▶ **How to complete this task**: Your task is to transcribe exactly, and only, the lines running from the one with "Shop giao hàng" to the end of the listing below, inclusive, with every picture left out.

▶ **Data provided**:

★ ★ ★ ★

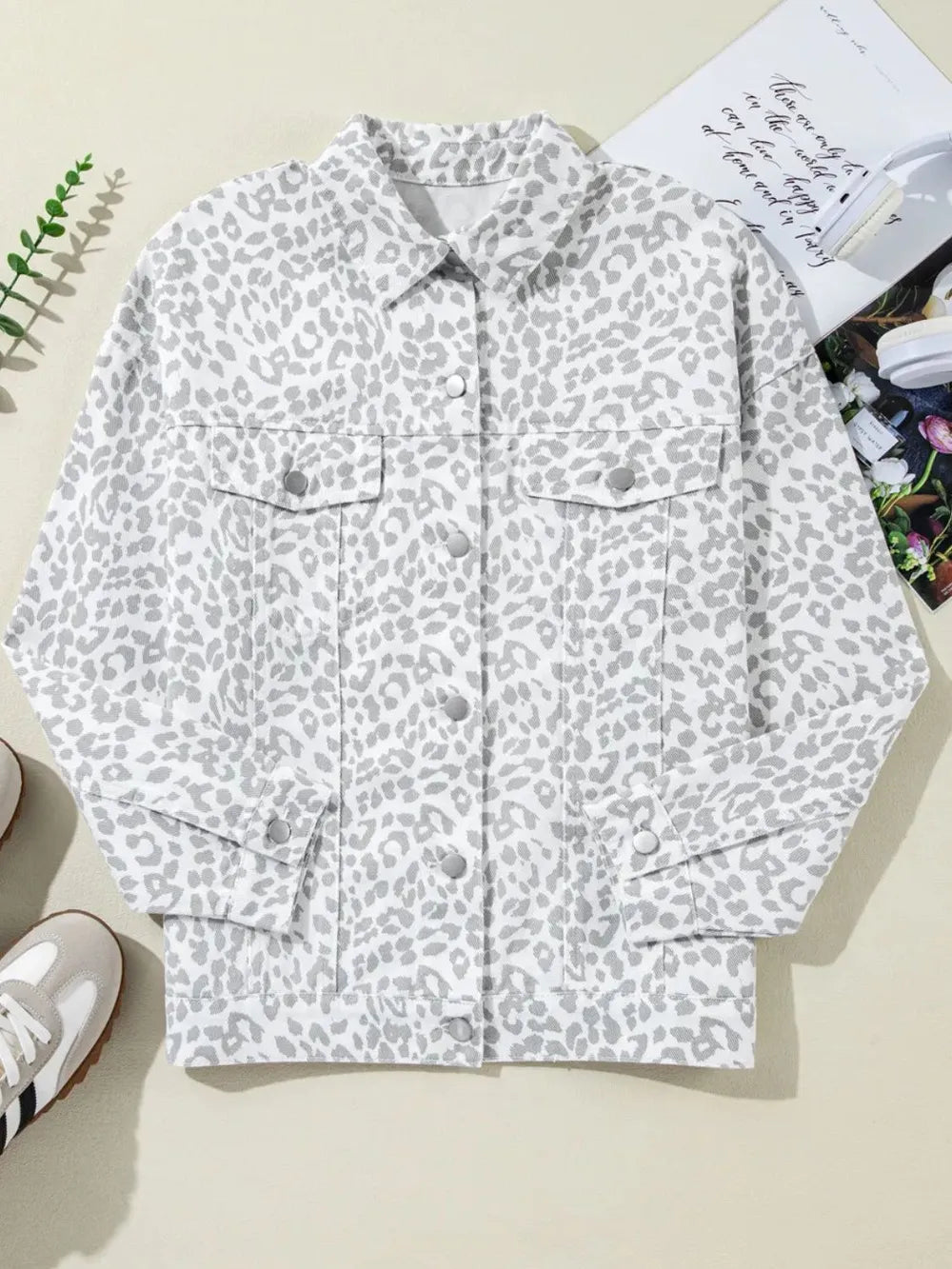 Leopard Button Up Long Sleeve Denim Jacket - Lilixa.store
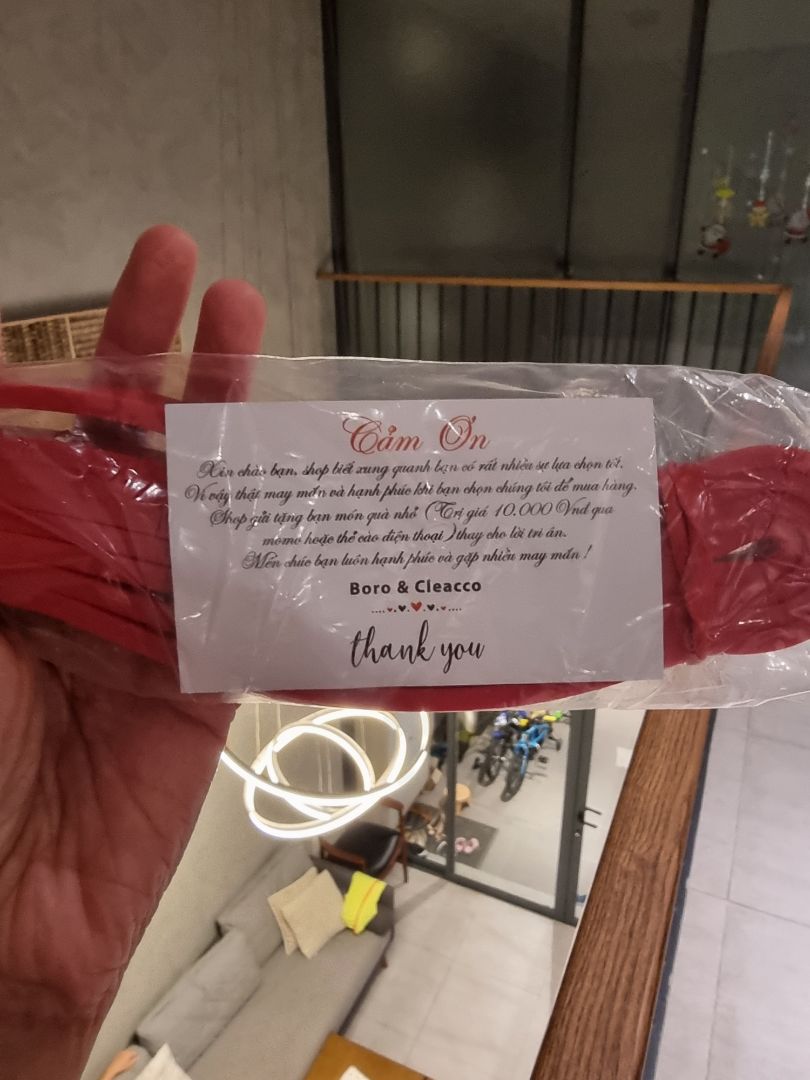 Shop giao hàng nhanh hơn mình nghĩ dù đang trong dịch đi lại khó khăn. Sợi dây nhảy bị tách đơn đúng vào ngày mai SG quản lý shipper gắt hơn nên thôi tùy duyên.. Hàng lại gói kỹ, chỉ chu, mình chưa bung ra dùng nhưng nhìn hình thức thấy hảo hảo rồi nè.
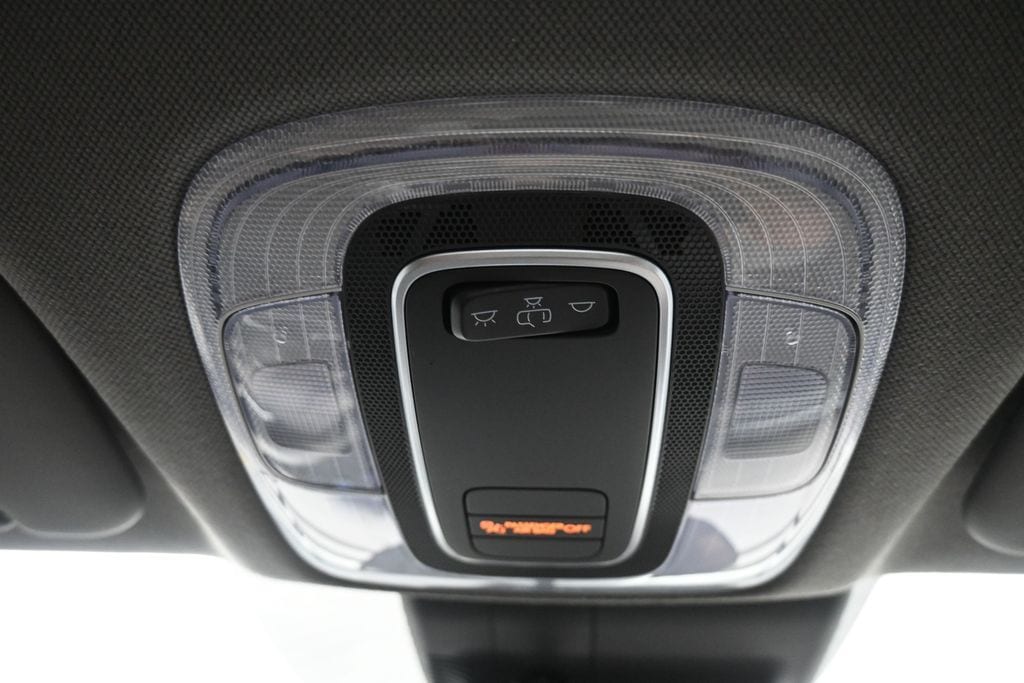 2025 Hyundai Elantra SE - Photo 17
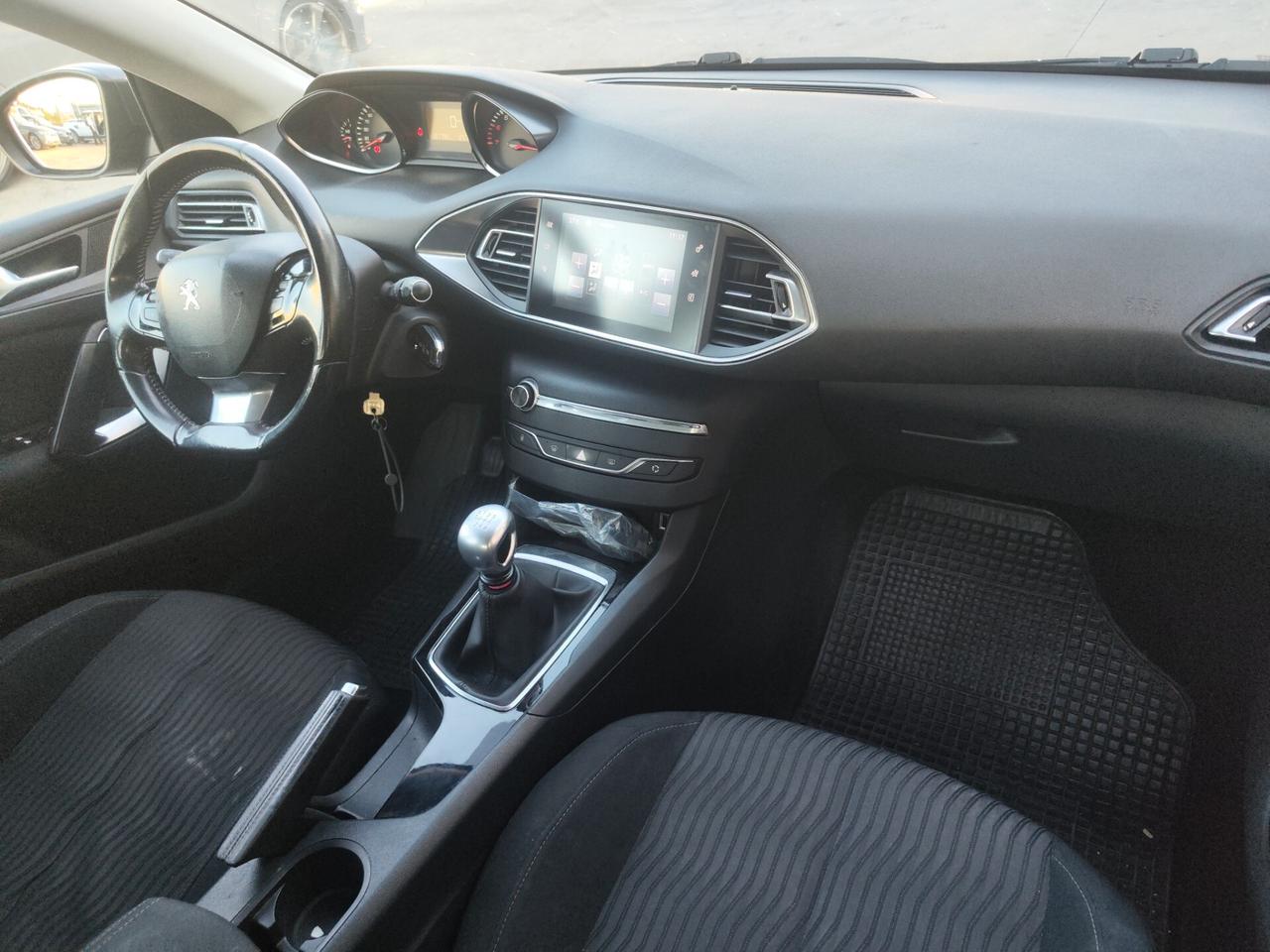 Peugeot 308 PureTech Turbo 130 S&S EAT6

★ ★ ★ ★

▶ **Exercise result**:
 Shop giao hàng nhanh hơn mình nghĩ dù đang trong dịch đi lại khó khăn. Sợi dây nhảy bị tách đơn đúng vào ngày mai SG quản lý shipper gắt hơn nên thôi tùy duyên.. Hàng lại gói kỹ, chỉ chu, mình chưa bung ra dùng nhưng nhìn hình thức thấy hảo hảo rồi nè.
 2025 Hyundai Elantra SE - Photo 17
 Peugeot 308 PureTech Turbo 130 S&S EAT6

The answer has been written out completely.